Consider function $L^p(X)$ and $L^q(X)$ space with $p<q$ where $X$ is a finite measure space. Then from Holder, I have $L^q(X)$ embedding into $L^p(X)$. In particular, if $\|f\|_q<\infty$, then $\|f\|_p<\infty$. In particular, $L_q\subset L_p$
Now consider $BV_p([0,1],\Bbb R)$ with where $BV_p([0,1],\Bbb R)$ is space of functions from $[0,1]$ to $\Bbb R$ s.t. p-th variation of any function is finite. Note p-th variation requires taking over sup over partition and denote p-th variation as $v_p(f)$. Then one could show for $1<p<q$, if $v_p(f)<\infty$, then $v_q(f)<\infty$. In particular, $BV_q([0,1],\Bbb R)\subset BV_p([0,1],\Bbb R)$
Q: It seems that in bounded variation case, the embedding is in the same direction. What leads to this same direction inclusion? I am looking for intuitive explanation for inclusion. The proof in bounded variation case does not use Holder inequality. However, p-th variation looks very much like p-norm in $L_p$ space. That is why I would hope the inclusion follows the same direction.
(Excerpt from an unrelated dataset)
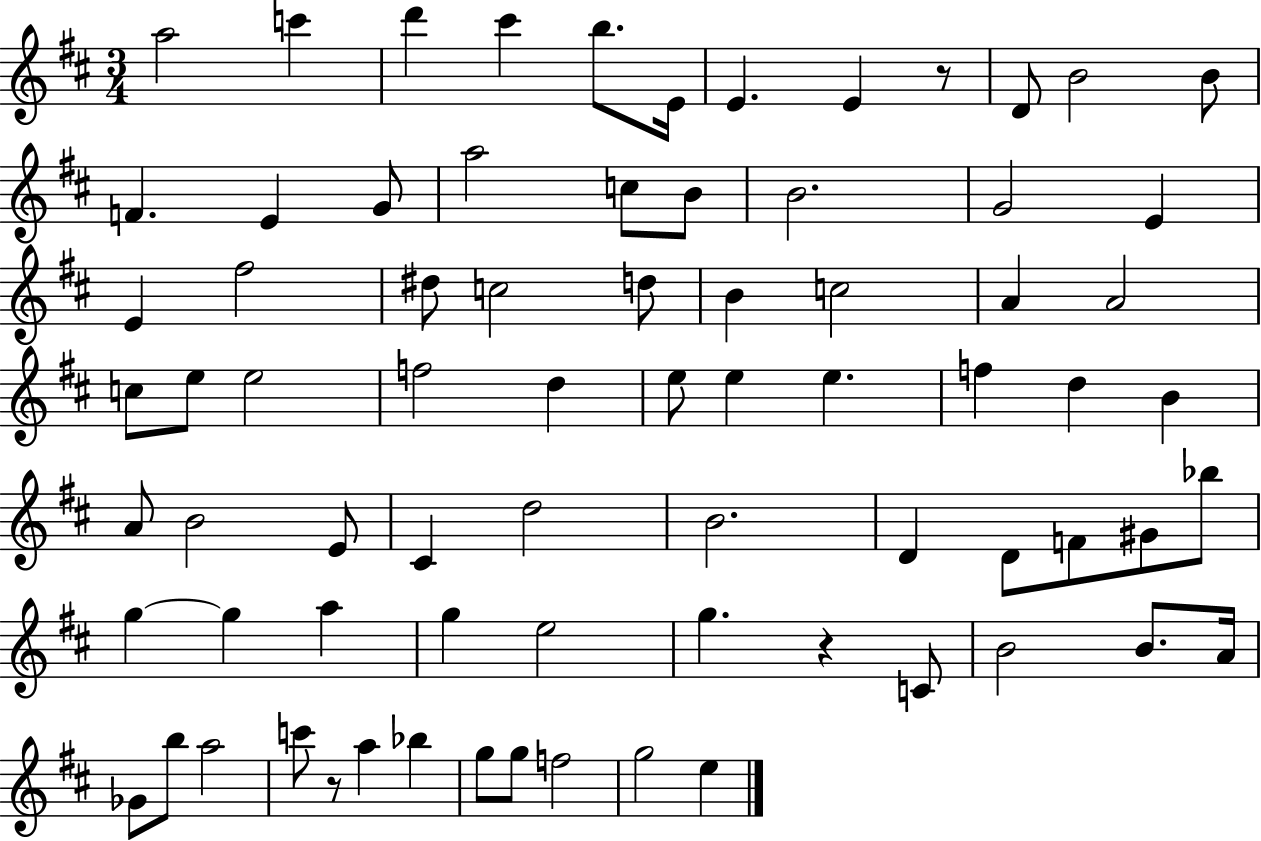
A5/h C6/q D6/q C#6/q B5/e. E4/s E4/q. E4/q R/e D4/e B4/h B4/e F4/q. E4/q G4/e A5/h C5/e B4/e B4/h. G4/h E4/q E4/q F#5/h D#5/e C5/h D5/e B4/q C5/h A4/q A4/h C5/e E5/e E5/h F5/h D5/q E5/e E5/q E5/q. F5/q D5/q B4/q A4/e B4/h E4/e C#4/q D5/h B4/h. D4/q D4/e F4/e G#4/e Bb5/e G5/q G5/q A5/q G5/q E5/h G5/q. R/q C4/e B4/h B4/e. A4/s Gb4/e B5/e A5/h C6/e R/e A5/q Bb5/q G5/e G5/e F5/h G5/h E5/q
This comes from the fact that the $v_p$ norm is defined via $\ell_p$-norms, that is, norms on finite dimensional vectors of the form $\left(f\left(t_i\right)-f\left(t_{i-1}\right)\right)_{i=1}^n$, where $0=t_0<t_1<\dots<t_n\leqslant 1$. Therefore, one has $$ \left(\sum_{i=1}^n \left\lvert f\left(t_i\right)-f\left(t_{i-1}\right)\right\vert^p \right)^{1/p}\leqslant \left(\sum_{i=1}^n \left\lvert f\left(t_i\right)-f\left(t_{i-1}\right)\right\vert^q \right)^{1/q} $$ and since $$ \left(\sum_{i=1}^n \left\lvert f\left(t_i\right)-f\left(t_{i-1}\right)\right\vert^q \right)^{1/q}\leqslant v_q(f), $$ one has for each partition $0=t_0<t_1<\dots<t_n\leqslant 1$ that $$ \left(\sum_{i=1}^n \left\lvert f\left(t_i\right)-f\left(t_{i-1}\right)\right\vert^p \right)^{1/p}\leqslant v_q(f) $$ hence $v_p(f)\leqslant v_q(f)$.